**MATERIAL FOR THIS EXERCISE:**
# # # # #
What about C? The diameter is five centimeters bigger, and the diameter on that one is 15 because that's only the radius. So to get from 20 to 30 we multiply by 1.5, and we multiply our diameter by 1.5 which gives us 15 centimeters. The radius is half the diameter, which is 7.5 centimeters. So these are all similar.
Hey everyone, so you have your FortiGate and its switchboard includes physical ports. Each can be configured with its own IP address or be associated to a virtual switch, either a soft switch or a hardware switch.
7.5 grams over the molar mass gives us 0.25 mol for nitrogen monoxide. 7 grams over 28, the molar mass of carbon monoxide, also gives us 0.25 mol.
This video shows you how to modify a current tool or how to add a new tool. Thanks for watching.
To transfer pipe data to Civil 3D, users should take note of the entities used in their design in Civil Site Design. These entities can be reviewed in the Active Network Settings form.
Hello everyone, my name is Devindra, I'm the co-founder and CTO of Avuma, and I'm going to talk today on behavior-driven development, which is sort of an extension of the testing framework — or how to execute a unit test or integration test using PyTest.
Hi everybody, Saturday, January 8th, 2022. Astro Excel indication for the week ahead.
# # # # #
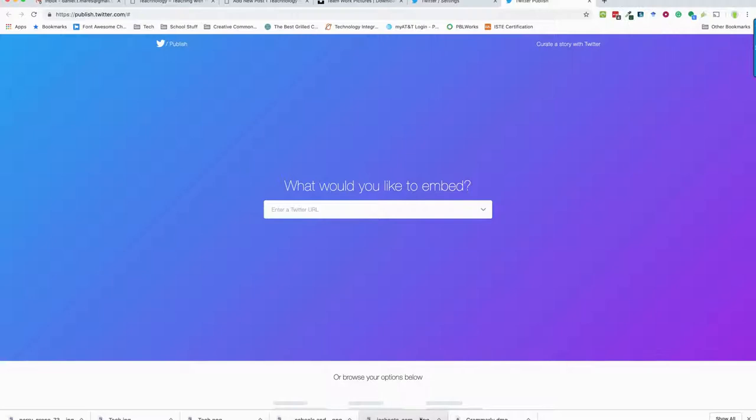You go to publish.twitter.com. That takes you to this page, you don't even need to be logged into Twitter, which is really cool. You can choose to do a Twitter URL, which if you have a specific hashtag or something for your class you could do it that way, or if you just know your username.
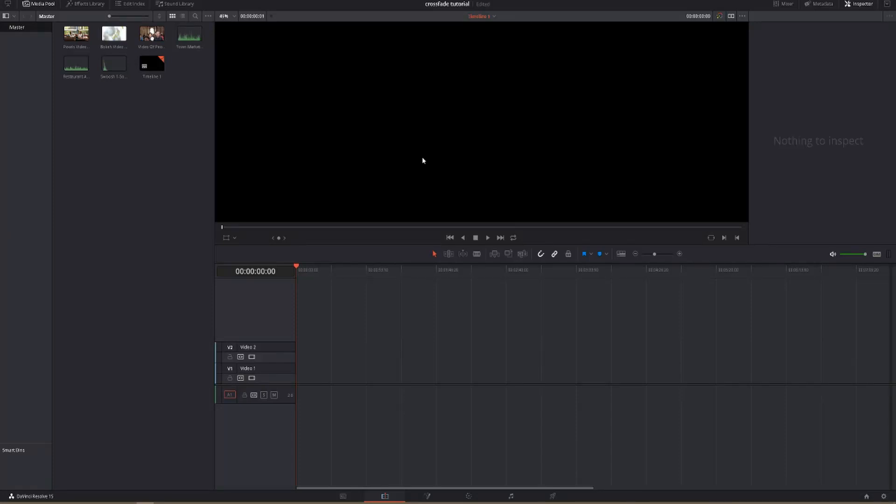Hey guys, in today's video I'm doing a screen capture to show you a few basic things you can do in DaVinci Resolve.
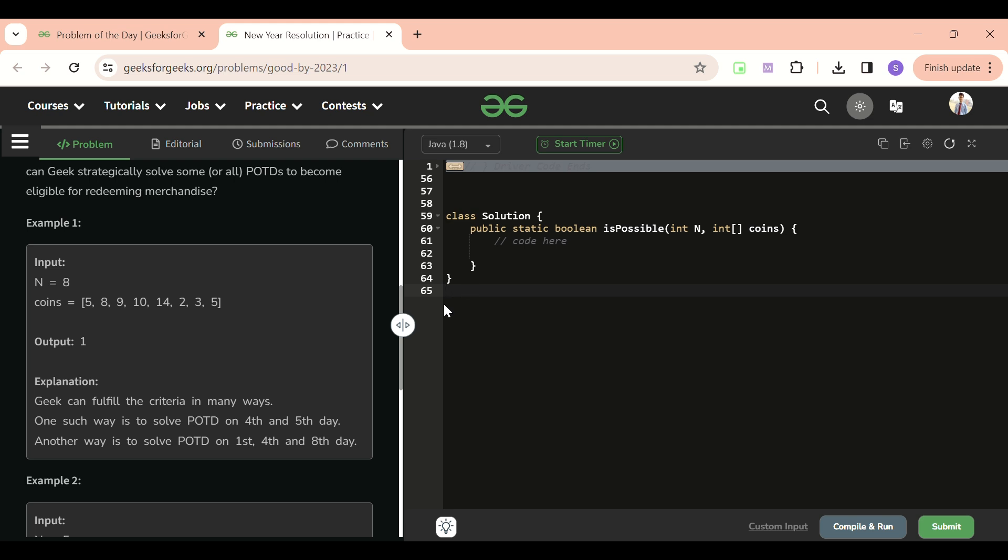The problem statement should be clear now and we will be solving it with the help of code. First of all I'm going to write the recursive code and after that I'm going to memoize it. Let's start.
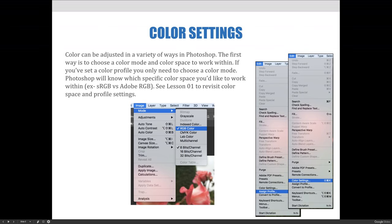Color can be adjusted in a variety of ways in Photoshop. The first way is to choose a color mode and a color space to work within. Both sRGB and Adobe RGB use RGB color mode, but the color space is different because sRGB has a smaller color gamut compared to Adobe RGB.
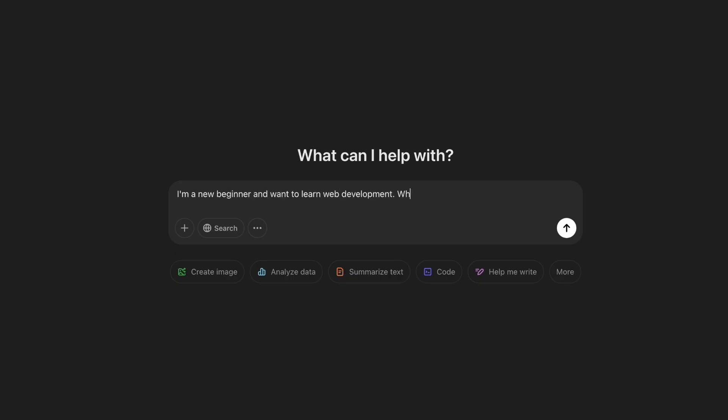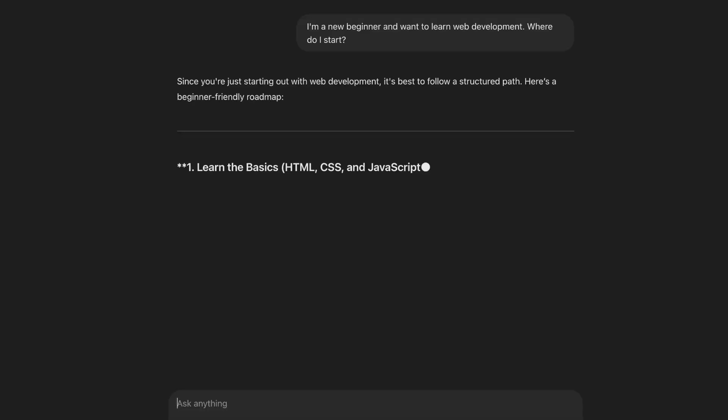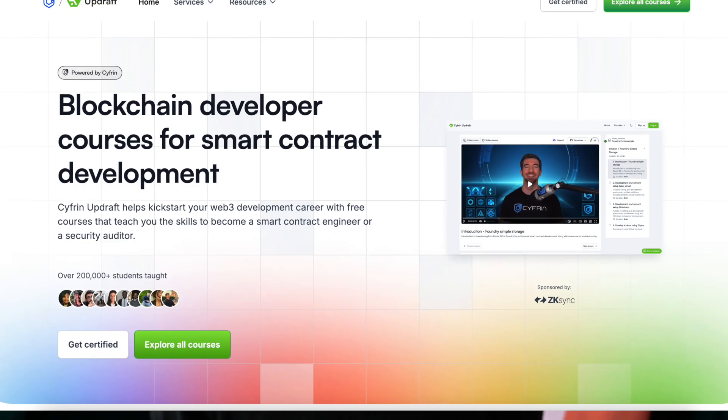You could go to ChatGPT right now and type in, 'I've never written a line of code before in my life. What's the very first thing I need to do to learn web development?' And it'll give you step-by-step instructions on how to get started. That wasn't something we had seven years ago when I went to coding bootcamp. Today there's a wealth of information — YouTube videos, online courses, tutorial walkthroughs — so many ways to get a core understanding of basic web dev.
# # # # #
From the records above, reproduce exactly the lines from the one with "Hello everyone, my" to the one with "Hi everybody, Saturday, January", both included, and no others.

Hello everyone, my name is Devindra, I'm the co-founder and CTO of Avuma, and I'm going to talk today on behavior-driven development, which is sort of an extension of the testing framework — or how to execute a unit test or integration test using PyTest.
Hi everybody, Saturday, January 8th, 2022. Astro Excel indication for the week ahead.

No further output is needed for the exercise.